« Cuisiniers de
l’image » c’est ainsi que Jacques Darras qualifie les poètes, dans le
merveilleux petit ouvrage qu’il consacre aujourd’hui à la gaufre. La gaufre,
comme il dit, vagabonde. Sa gaufre
pourrait-on dire aussi, de paroles, si l’on ne craignait avec ce clin
d’œil à la figue de Francis Ponge, cet ancien normand retiré sur les hauteurs
du Bar-sur-Loup (Alpes maritimes), de défigurer, courant d’emblée au Sud, à ses
vins, ses huiles et ses à-plats solaires, le puissant imaginaire du blanc, du
beurre, de la levure et de la bière, tout cet imaginaire convaincu d’Européen
du Nord, qui depuis si longtemps anime notre auteur.

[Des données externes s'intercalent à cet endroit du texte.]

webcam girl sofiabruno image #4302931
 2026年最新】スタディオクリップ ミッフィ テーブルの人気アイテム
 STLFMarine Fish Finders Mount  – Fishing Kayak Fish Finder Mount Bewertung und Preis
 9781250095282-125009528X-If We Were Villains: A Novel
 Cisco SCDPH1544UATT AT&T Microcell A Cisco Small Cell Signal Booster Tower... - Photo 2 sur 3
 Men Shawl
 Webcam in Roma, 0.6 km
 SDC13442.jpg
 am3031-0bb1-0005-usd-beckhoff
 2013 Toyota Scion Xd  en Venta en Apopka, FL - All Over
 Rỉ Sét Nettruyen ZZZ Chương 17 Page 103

Composé à la demande des éditions Cours toujours, une petite maison associative de
l’Aisne, sise entre Château-Thierry et Crépy-en-Valois, entre les ombres chères
donc de La Fontaine et de Gérard de Nerval, ce nouveau livre de Jacques Darras,
est livre de recettes où le lecteur certes, apprendra à travers force « digressions, égressions, régressions »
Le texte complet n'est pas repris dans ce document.